**About this task:** Exactly the lines from the start of the data below through the line that contains "Sofá-cama de chão" are to be copied, with pictures left out.

**Image-text web data:**
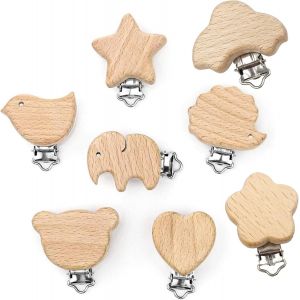 Attache Tetine Bois,Clip Attache Tetine Bois,Attache Sucette Bois,8 Pi&egrave;ces Attache Sucette En Bois,Kit Attache Tetine Bois,Attache T&eacute;tine En Bois,Animal Sucette Clip - Neuf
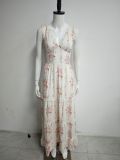 Lace Patchwork Sexy V-Neck Printed Slim Waist Strap Dress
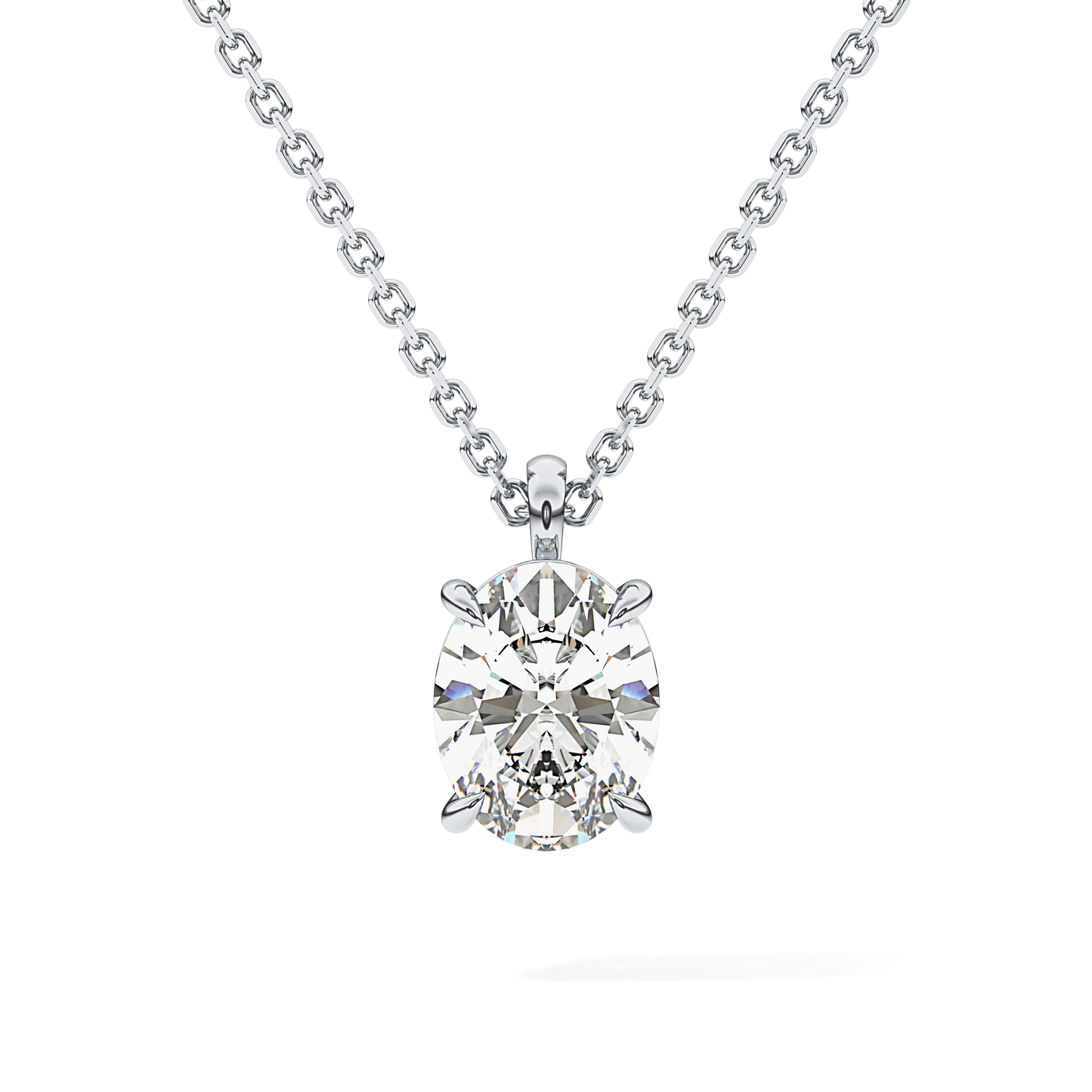 2 CT Oval Lab-Grown Diamond Solitaire Necklace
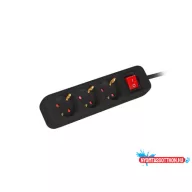   Lanberg PS1-03F-0150-BK 3x Schuko aljzat 10A 1.5m kapcsolós fekete elosztósor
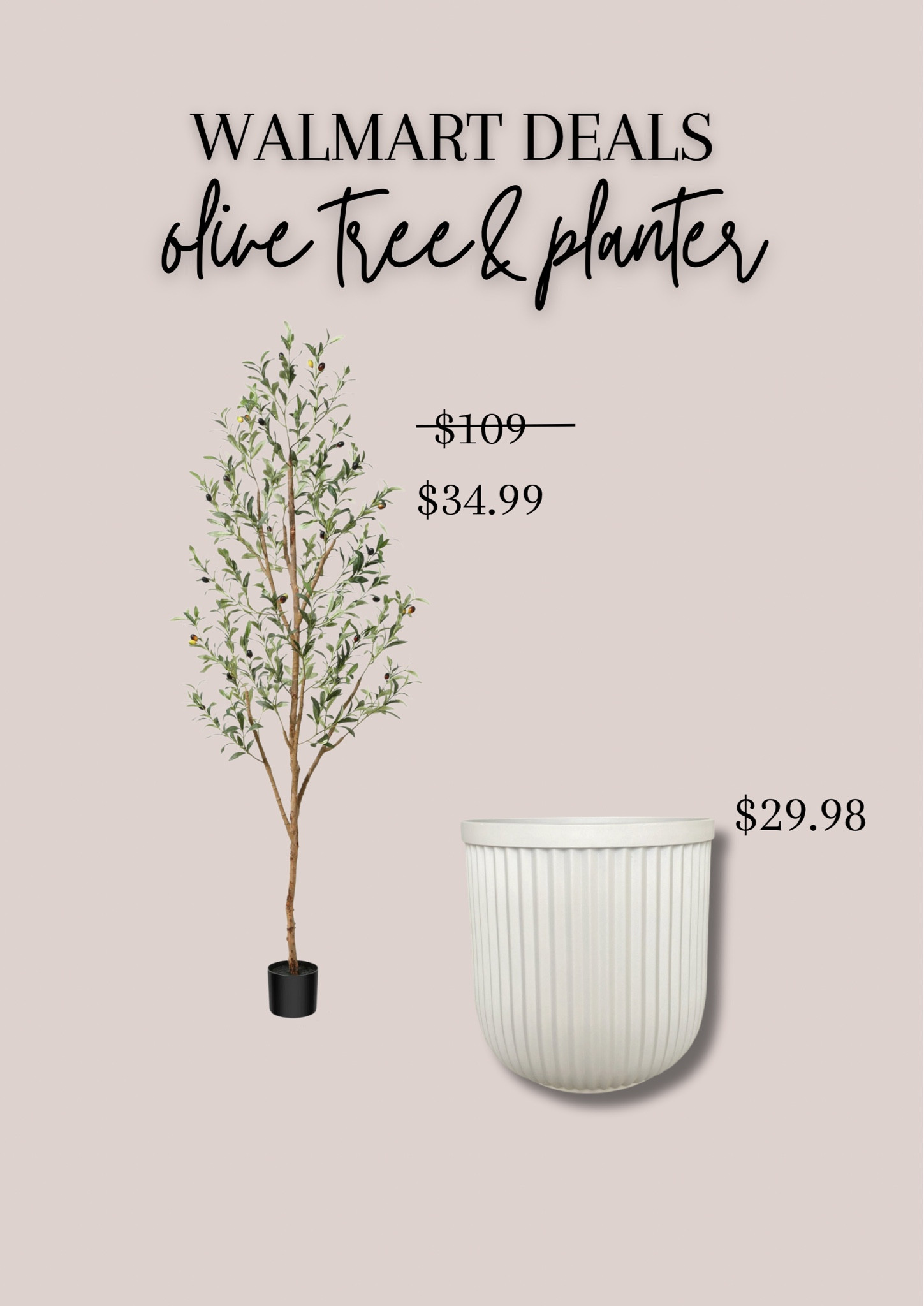 $34.99 WAS $109 
Faux 6’ olive tree home decor from Walmart 

Walmart deal 
#walmartdeal #walmart #sale 

#LTKSaleAlert #LTKHome
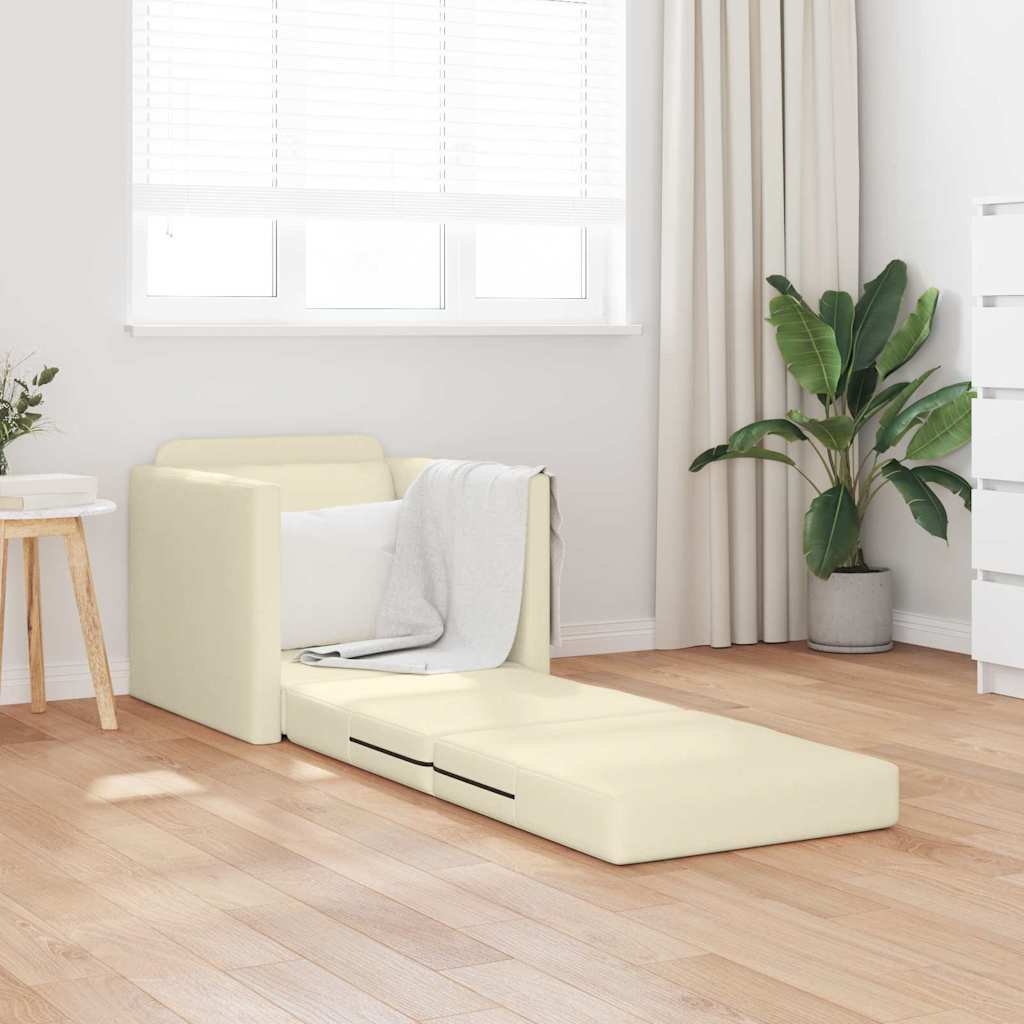 Sofá-cama de chão Creme 74 x 77 x 81 cm Couro sintético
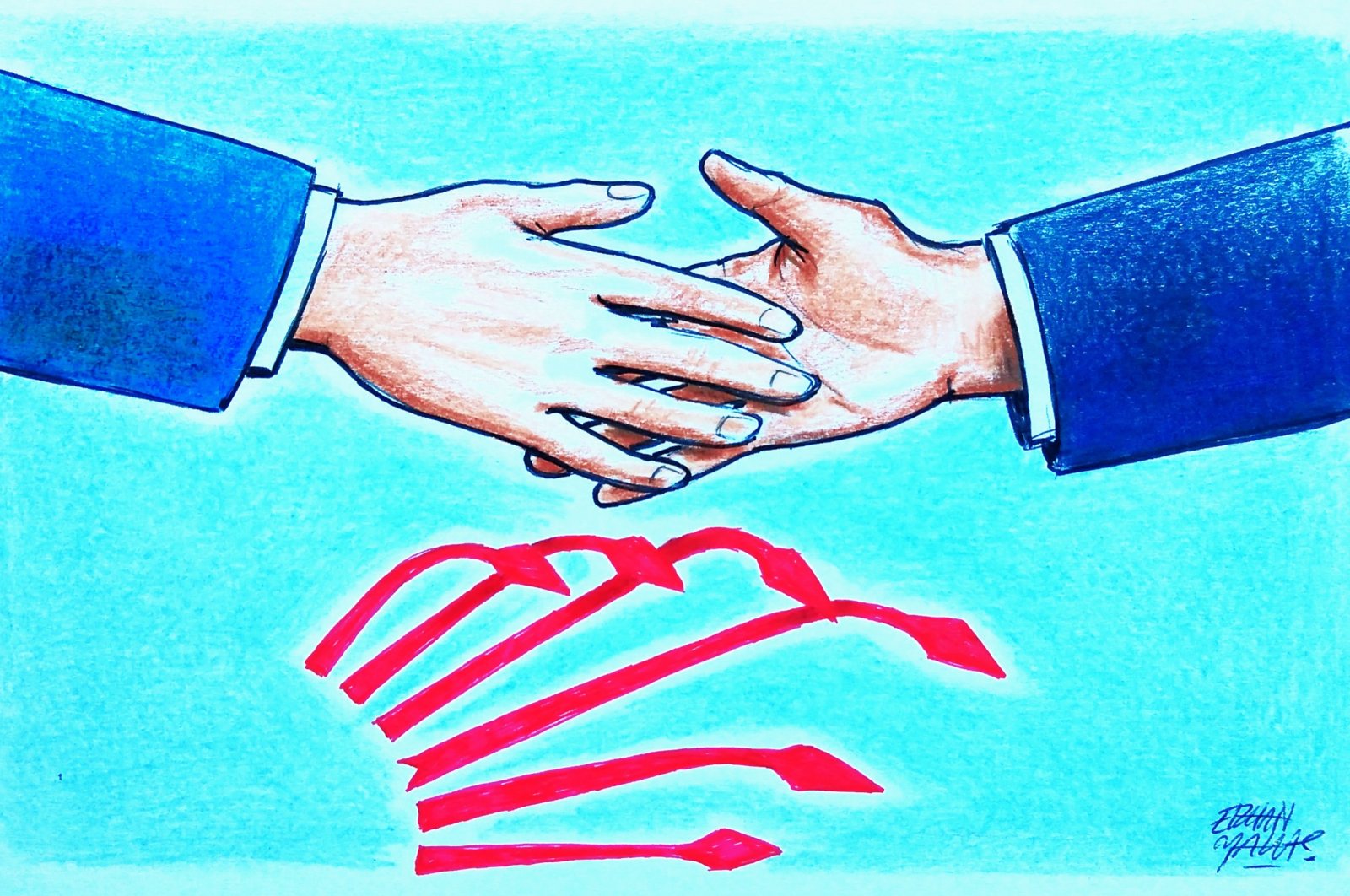 &quot;Although CHP&#039;s Özel highlighted the importance of shaking hands and noted that he discussed “everything” with President Erdoğan, some of his party’s senior officials and parliamentarians have marched to the Ministry of Education and described the new education model as &#039;obsolete.&#039;&quot; (Illustration by Erhan Yalvaç)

**Solution to this problem:**
 Attache Tetine Bois,Clip Attache Tetine Bois,Attache Sucette Bois,8 Pi&egrave;ces Attache Sucette En Bois,Kit Attache Tetine Bois,Attache T&eacute;tine En Bois,Animal Sucette Clip - Neuf
 Lace Patchwork Sexy V-Neck Printed Slim Waist Strap Dress
 2 CT Oval Lab-Grown Diamond Solitaire Necklace
   Lanberg PS1-03F-0150-BK 3x Schuko aljzat 10A 1.5m kapcsolós fekete elosztósor
 $34.99 WAS $109 
Faux 6’ olive tree home decor from Walmart 

Walmart deal 
#walmartdeal #walmart #sale 

#LTKSaleAlert #LTKHome
 Sofá-cama de chão Creme 74 x 77 x 81 cm Couro sintético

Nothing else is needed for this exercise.